TASK GOAL:
Every line in the listing below from the one with "10-Piece Tube Cleaning" through the one with "Frauen Jeans Weite Bein Stickerei Blumen" is to be reproduced exactly, both ends included; leave out the rest.

[[ DATA FOR ANALYSIS open ]]

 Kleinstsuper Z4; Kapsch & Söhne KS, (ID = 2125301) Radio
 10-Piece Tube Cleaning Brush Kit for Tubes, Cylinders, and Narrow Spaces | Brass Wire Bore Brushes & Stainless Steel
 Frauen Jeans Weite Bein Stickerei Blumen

[[ DATA FOR ANALYSIS closed ]]
[[ DATA FOR ANALYSIS open ]]

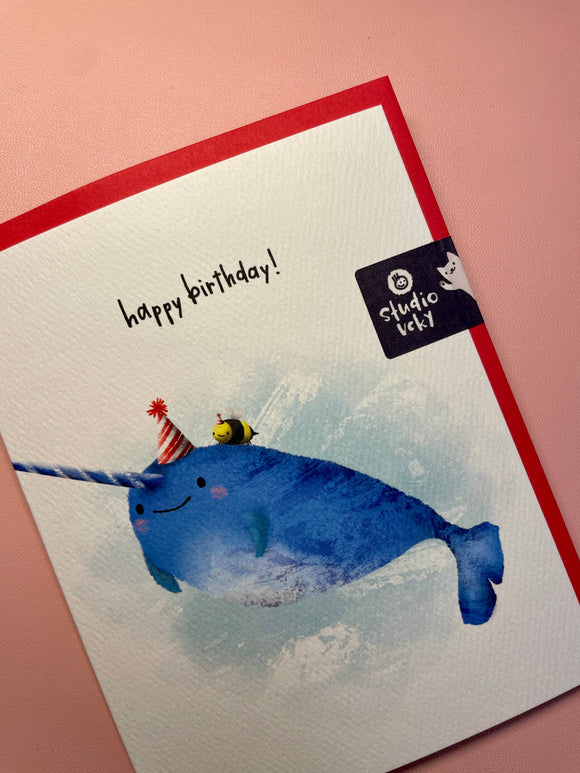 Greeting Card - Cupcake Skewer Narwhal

[[ DATA FOR ANALYSIS closed ]]

PROBLEM SOLUTION:
 10-Piece Tube Cleaning Brush Kit for Tubes, Cylinders, and Narrow Spaces | Brass Wire Bore Brushes & Stainless Steel
 Frauen Jeans Weite Bein Stickerei Blumen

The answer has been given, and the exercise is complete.